The way Steve Bianchetta sees it, there is no incubator like a high school, a view that helps explain why the central Illinois superintendent closed Watseka High School for two days last week after a third of the school's 330 students were absent.
"They're not as hygienic as the younger kids," he said. "They hold hands, they drink out of each other's sodas."
Some officials say another reason for shutting down was that sick kids were still showing up.
Closing school "took the pressure off," said Katy DeSalvo, whose daughter, Amy, a 17-year-old senior at St. Charles East had been home sick and worried that missing school would hurt her grades. "She wants to go to Duke (and) all the kids, particularly the higher-achieving kids, want to go back.

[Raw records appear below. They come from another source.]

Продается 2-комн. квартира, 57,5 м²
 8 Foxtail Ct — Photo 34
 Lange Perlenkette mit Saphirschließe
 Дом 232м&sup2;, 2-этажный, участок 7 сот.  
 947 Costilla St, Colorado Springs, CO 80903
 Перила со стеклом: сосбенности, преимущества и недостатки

And they'd infect everybody."
Some districts closed even for small numbers of sick students. In Traverse City, Mich., the school district closed every one of the 18 schools even though the number of absentees at some was not close to 20 percent.
"It was in the best interest to do so," said Jayne Mohr, the associate superintendent for the 10,000-student district. "You could see it spreading, making its way across the 300-square mile district."
Not everyone believes shutting down is the best option.
Some children, especially in low-income districts, depend on schools for free lunch and parents can't always take off work to stay at home. Plus, shutting school doesn't always keep kids from spreading the virus.
"If kids were isolated in their homes it may help," said Julie Pryde, administrator in Illinois' Champaign-Urbana Public Health District. But "kids congregate at malls, at each other's homes, they go to movies -- and that is not helpful."